***** DATA PROVIDED
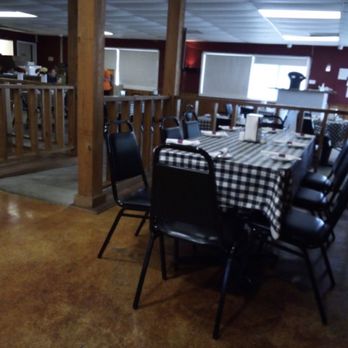 Romas Italian Restaurant - Inside - Italian Near Me - Rayne, Louisiana Romas Italian Restaurant - Inside - Italian Near Me - Rayne, Louisiana
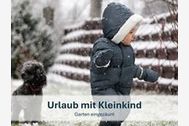 Urlaub Heringsdorf (Seebad) Ferienwohnung 153604 privat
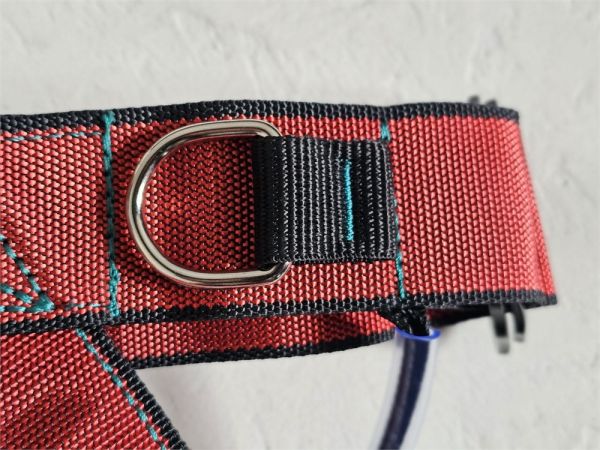  Поясная беседка GURU Start в Владимире  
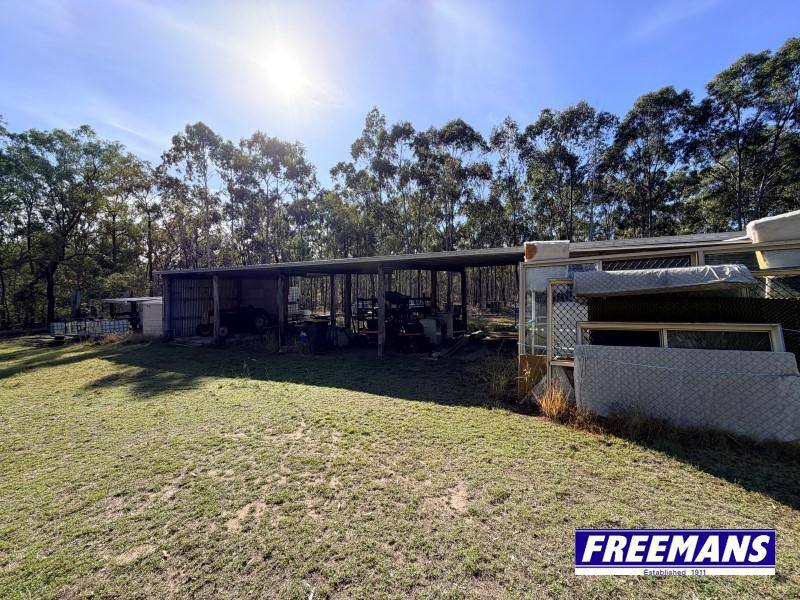 Lot 11, Curlew Road, Ballogie For Sale by Farmbuy.com - image 15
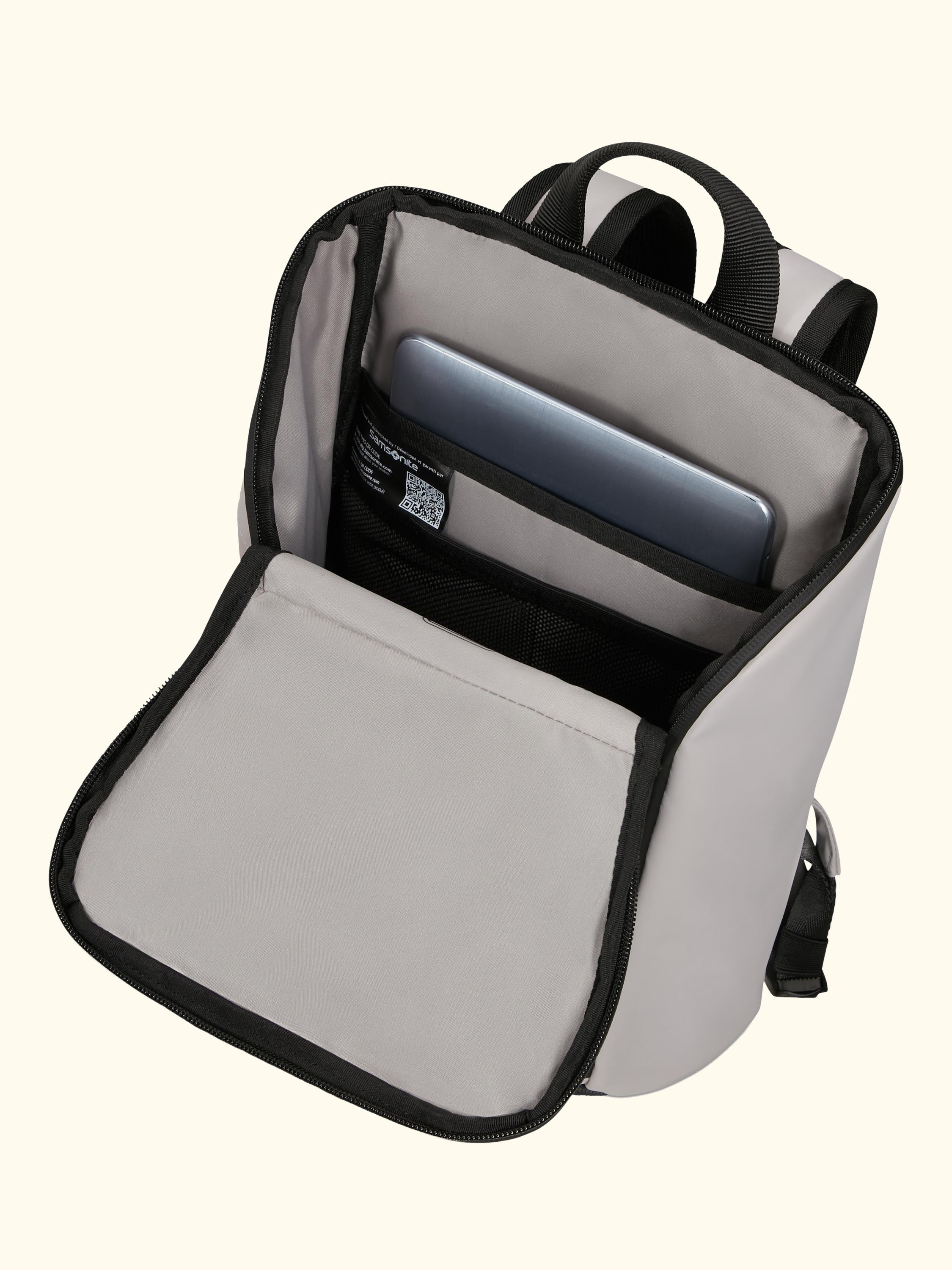 Glam-Go Backpack, 10L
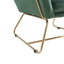Fauteuil Rivington de 74,93 cm de large-1186897077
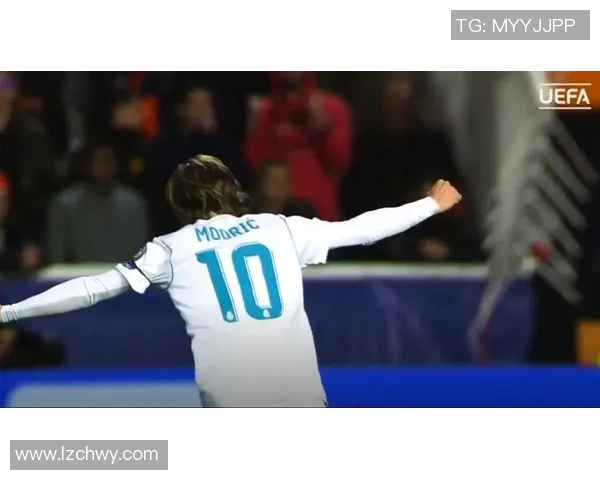 最新战报:莫德里奇全场高光瞬间集锦 最新战报:莫德里奇全场高光瞬间集锦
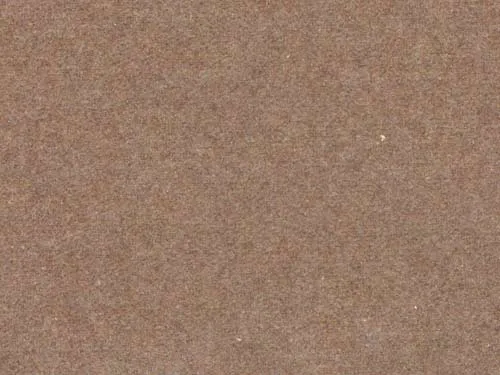 Ткань Titley and Marr Melton & Milan milan-02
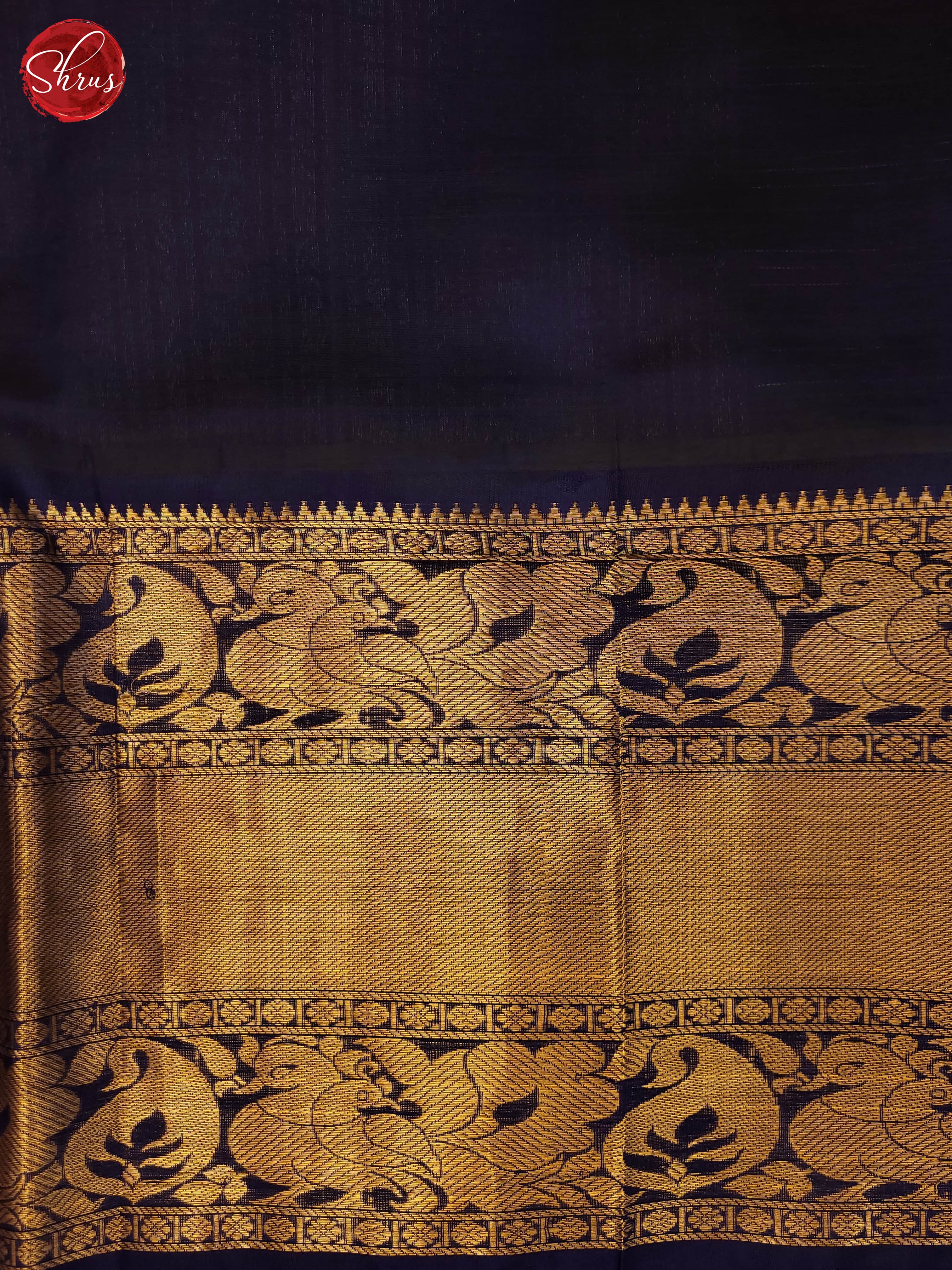 BTS24304 - Shop on ShrusEternity.com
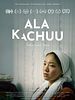 Cartel de Ala Kachuu - Take and Run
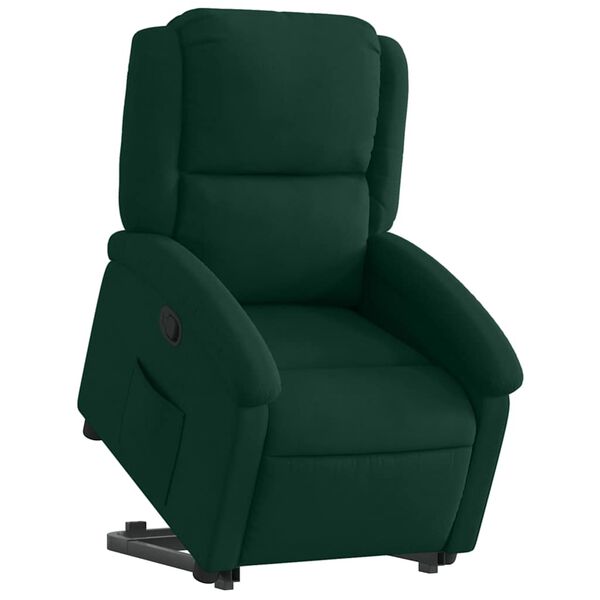 Viser produktbillede 3 af 16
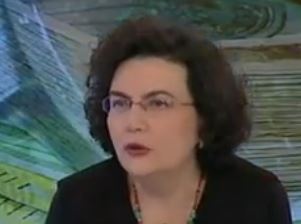 Βαλαβάνη: Αυξήθηκαν τα έσοδα τον Μάρτιο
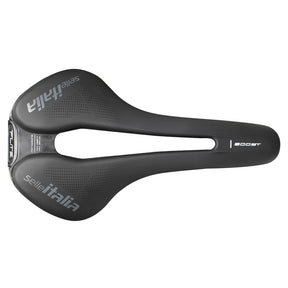 Sella Flite Boost TM Superflow L3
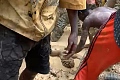 Tragedy at illegal mining site leaves two dead in Central Region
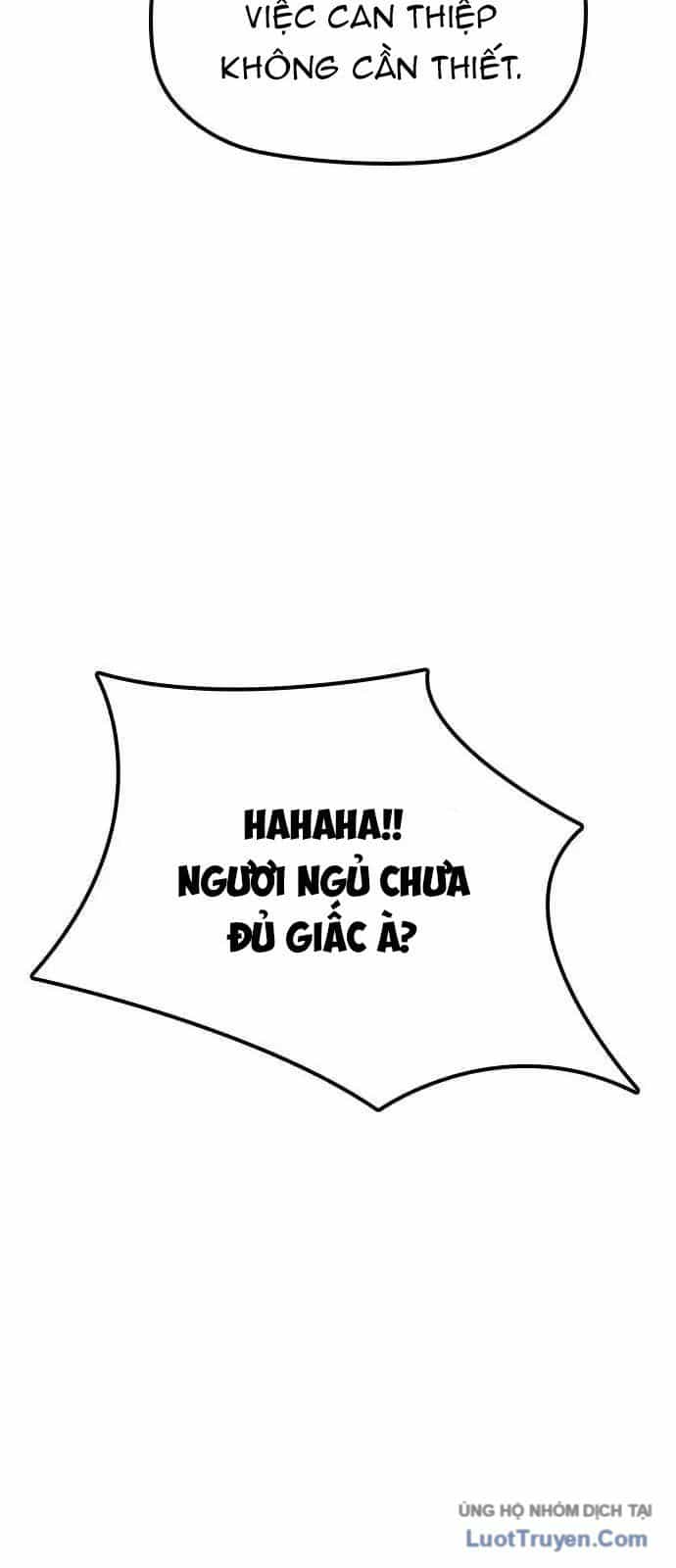 Thần Chết Bậc Thầy Của Âm Giới - Chương 1 - ảnh 68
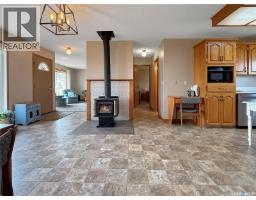 Other - Rm Of Lac Pelletier Acreage, Lac Pelletier Rm No  107, SK S9H4G5 Photo 12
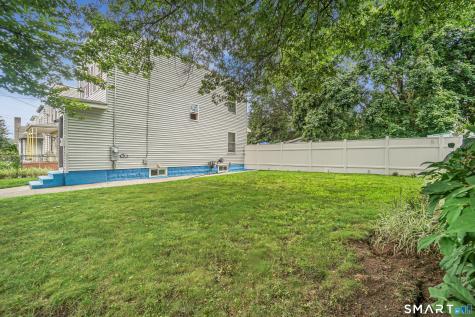 90 Marlboro Street Hamden CT 06517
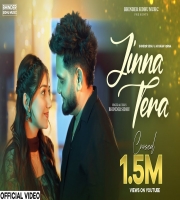 Jinna Tera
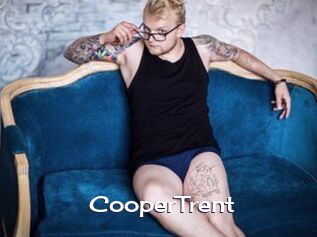 CooperTrent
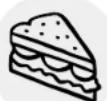 Dash Pocket Sandwich Maker DPM200GBAQ06 - The Indicator Light will not turn on and the Cooking Surface is failing to heat. - 3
**********
- _TASK PROMPT_
Although pictures appear among the entries, please set down only the lines from the one with "Cartel de Ala Kachuu - Take and Run" up to and including the one with "Other - Rm Of", word for word.

- _TASK RESULT_
 Cartel de Ala Kachuu - Take and Run
 Viser produktbillede 3 af 16
 Βαλαβάνη: Αυξήθηκαν τα έσοδα τον Μάρτιο
 Sella Flite Boost TM Superflow L3
 Tragedy at illegal mining site leaves two dead in Central Region
 Thần Chết Bậc Thầy Của Âm Giới - Chương 1 - ảnh 68
 Other - Rm Of Lac Pelletier Acreage, Lac Pelletier Rm No  107, SK S9H4G5 Photo 12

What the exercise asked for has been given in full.